"The Catalyst" Mission: From Shipbuilding to Offshore Industry — Taiwan's Maritime Industrial Vision
"The Catalyst" Mission: From Shipbuilding to Offshore Industry — Taiwan's Maritime Industrial Vision
The "Green Jade" is a multifunctional large-scale marine engineering vessel owned by CSBC-DEME Wind Engineering (CDWE) and constructed by CSBC Corporation, Taiwan. It represents the most advanced vessel of its kind in Taiwan — and one of only a few of its class worldwide. Equipped with a DP3 dynamic positioning system, the Green Jade is capable of performing precision operations in deep waters and challenging seabed conditions, unconstrained by depth limitations.
He defines himself as a catalyst. From leading CSBC's first self-designed merchant vessel in the 1990s to driving Taiwan's offshore wind and marine engineering industry today, Robert Tseng has consistently emphasized that his focus is not on personal achievements, but on creating positive industrial cycles. In his view, only when an industry's environment improves can enterprises truly thrive — and to him, "running the company well and lifting the entire industry" is the highest form of purpose.
From Self-Designed Ships to Specialized Vessels: Catalyzing the First Positive Cycle
In the early 1990s, Tseng led his team at CSBC to complete the company's first independently designed merchant vessel — a milestone that transformed Taiwan's shipbuilding industry from contract manufacturing to independent R&D and design. Within a few years, CSBC's operating model was completely restructured: 99% of its merchant ship design, construction, and marketing became fully localized.
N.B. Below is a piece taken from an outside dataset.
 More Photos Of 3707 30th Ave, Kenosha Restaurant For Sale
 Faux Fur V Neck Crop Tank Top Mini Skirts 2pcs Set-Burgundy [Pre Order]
CSBC soon expanded from traditional bulk carriers to large container ships, such as Yang Ming Marine's 14,000 TEU vessels, and eventually entered the high-end global market of specialized ships. Among its most notable successes were the semi-submersible heavy-lift vessels Blue Marlin and Black Marlin, originally built by CSBC and later transferred to Boskalis. These ships remain active worldwide — even returning to Taiwan for offshore wind assignments. For Tseng, seeing "ships built in Taiwan" operate on the world stage and serve the energy industry embodies the first expression of his catalytic spirit.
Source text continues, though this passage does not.